Create a new instance of typeof(cigar) equal to cigar, but using the new memory mem which must be equal to the existing memory backing cigar. This operation does not do any validation.

This function is unsafe, because it assumes that mem == MemoryView(cigar). If this assumption is violated, any subsequent operation on the resulting AbstractCIGAR may cause undefined behaviour.

Examples

julia> mem = MemoryView("5S12M1X8M10S");

julia> cigar_1 = CIGAR(mem);

julia> cigar_2 = unsafe_switch_memory(cigar_1, copy(mem));

julia> cigar_1 == cigar_2
true

julia> MemoryView(cigar_1) === MemoryView(cigar_2)
false
CIGARStrings.encode!Function
encode!(
        mem::MutableMemoryView{UInt8},
        ::Type{T <: AbstractCIGAR},
        cigar::AbstractCIGAR
    )::T

Encode cigar as type T into the beginning of mem, and return the result as a new T backed by mem.

Throw a LightBoundsError if mem is too short to contain the whole encoding.

Warning

Since the first bytes of mem are used to back the newly created cigar, mutating mem after this function is being called will invalidate the created cigar.

Examples

julia> c = CIGAR("3S5M1D19X2I6M3H");

julia> mem = MemoryView(zeros(UInt8, 60));

julia> bc = encode!(mem, BAMCIGAR, c)
BAMCIGAR(CIGAR("3S5M1D19X2I6M3H"))

julia> n_bytes = length(MemoryView(bc));

julia> ImmutableMemoryView(mem)[1:n_bytes] === MemoryView(bc)
true
CIGARStrings.encode_append!Function
encode_append!(
        v::Vector{UInt8},
        ::Type{T <: AbstractCIGAR},
        cigar::AbstractCIGAR
    )::T

Encode cigar as type T by appending its representation to v, and return the result as a new T backed by v's memory.

Warning

Since the returned cigar will use v as backing memory, mutating v after this function has been called will invalidate the created cigar.

Examples

julia> c = CIGAR("3S5M1D19X2I6M3H");

julia> v = UInt8[1, 2, 3, 4];

julia> bc = encode_append!(v, BAMCIGAR, c)
BAMCIGAR(CIGAR("3S5M1D19X2I6M3H"))

julia> v[1:4] == 1:4 # unchanged
true

julia> MemoryView(bc) === ImmutableMemoryView(v)[5:end]
true
CIGARStrings.OP_NConstant

'N': Region skipped from the reference (usually an intron)

CIGARStrings.PositionMapperType
PositionMapper{Params...}

Public struct returned by pos_to_pos(..., pos) when !isa(pos, Integer). This type may be referred to in stable code, but its API is defined by pos_to_pos

See also: pos_to_pos

CIGARStrings.queryFunction

Coordinate system representing the 1-based index in the query sequence

CIGARStrings.refFunction

Coordinate system representing the 1-based index in the reference sequence

CIGARStrings.alnFunction

Coordinate system representing the 1-based index in the alignment (i.e. query/ref including gaps)

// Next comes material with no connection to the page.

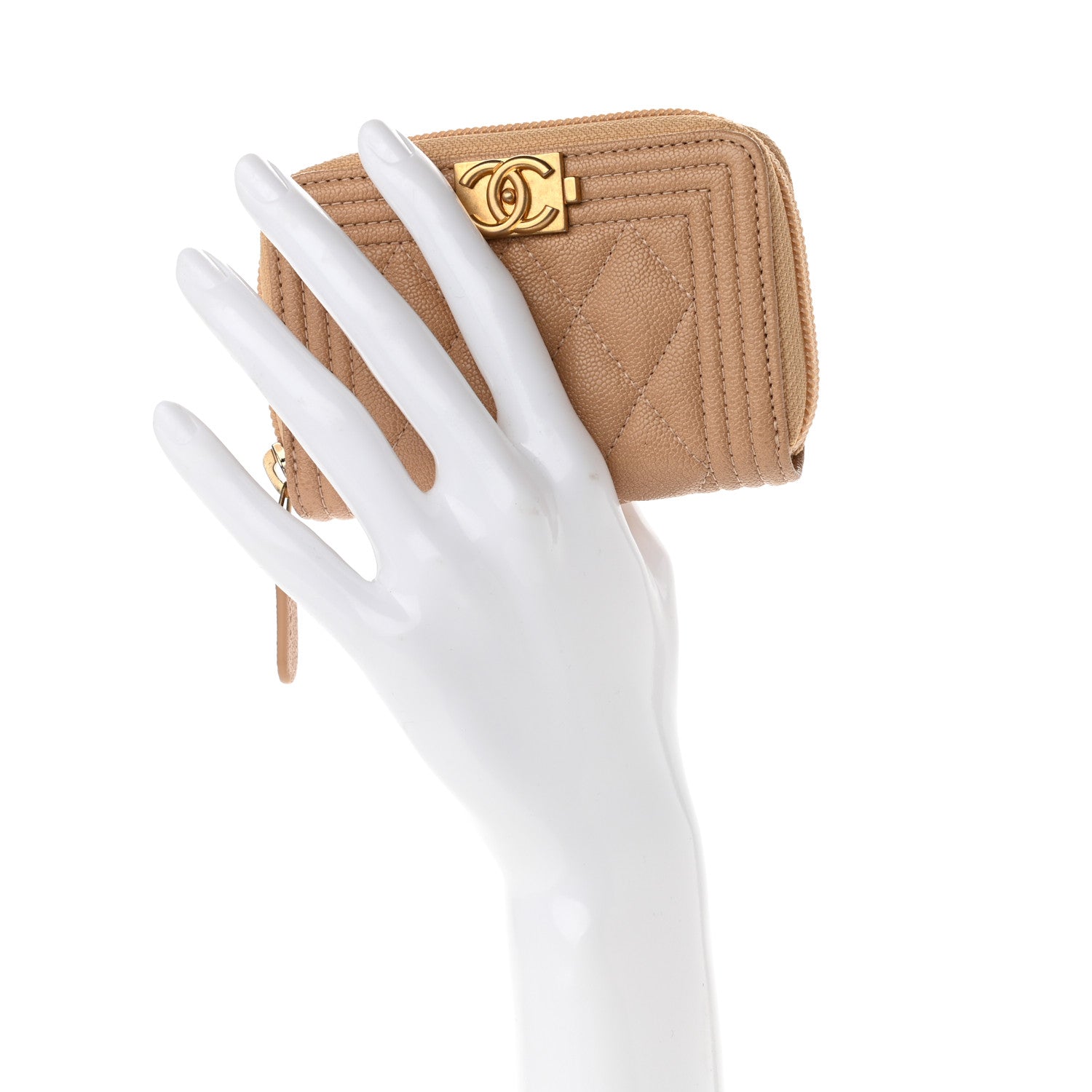 Chanel Caviar Quilted Boy Zip Around Coin Purse Wallet Beige 9 of 9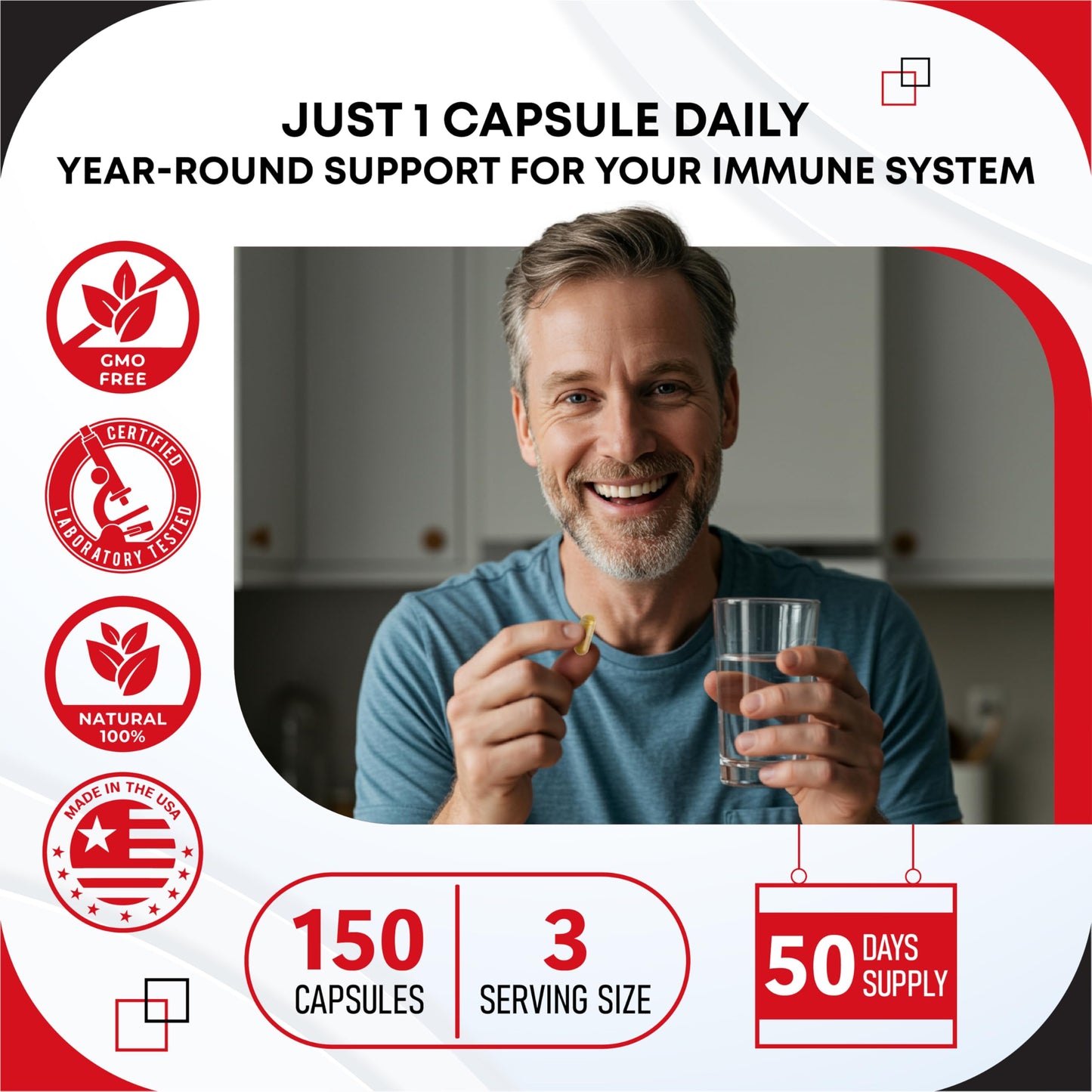 GUDOMET HMB with D3, K2 & B12 – Muscle Health Support Capsules, 150 Capsules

CIGARStrings.ref_lengthFunction
ref_length(::AbstractCIGAR)::Int

Get the number of biosymbols in the reference of the CIGAR. This is the same as the lengths of all CIGARElements of type M, D, N, = and X.

See also: query_length, aln_length

Example

julia> ref_length(CIGAR("1S5M2D6M2I5M"))
18
CIGARStrings.query_lengthFunction
query_length(::AbstractCIGAR)::Int

Get the number of biosymbols in the query of the CIGAR. This is the same as the lengths of all CIGARElements of type M, I, S, = and X.

See also: ref_length, aln_length

Example

julia> query_length(CIGAR("1S5M2D6M2I5M"))
19
CIGARStrings.aln_lengthFunction
aln_length(::AbstractCIGAR)::Int

Get the number of biosymbols spanned by the alignment of the CIGAR. Clips, padding and skips are not part of the alignment, but still part of the CIGAR. Therefore, the alignment length is the same as the lengths of all CIGARElements of type M, I, D, = and X.

See also: query_length, ref_length

Example

julia> aln_length(CIGAR("1S5M2D6M2I5M"))
20
CIGARStrings.aln_identityFunction
aln_identity(::AbstractCIGAR, mismatches::Int)::Float64

Compute the alignment identity of the AbstractCIGAR, computed as the number of matches (not mismatches) divided by alignment length. Since the CIGAR itself may not provide information about the precise number of mismatches, the amount of mismatches is an argument. The result is always in [0.0, 1.0].

Example

julia> aln_identity(CIGAR("3M1D3M1I2M"), 2)
0.6
CIGARStrings.count_matchesFunction
count_matches(::AbstractCIGAR, mismatches::Integer)::Int

Count the number of matches in the AbstractCIGAR, given the input number of mismatches. The mismatches argument is necessary, because OP_M is ambiguous, and can encode any combination of matches and mismatches.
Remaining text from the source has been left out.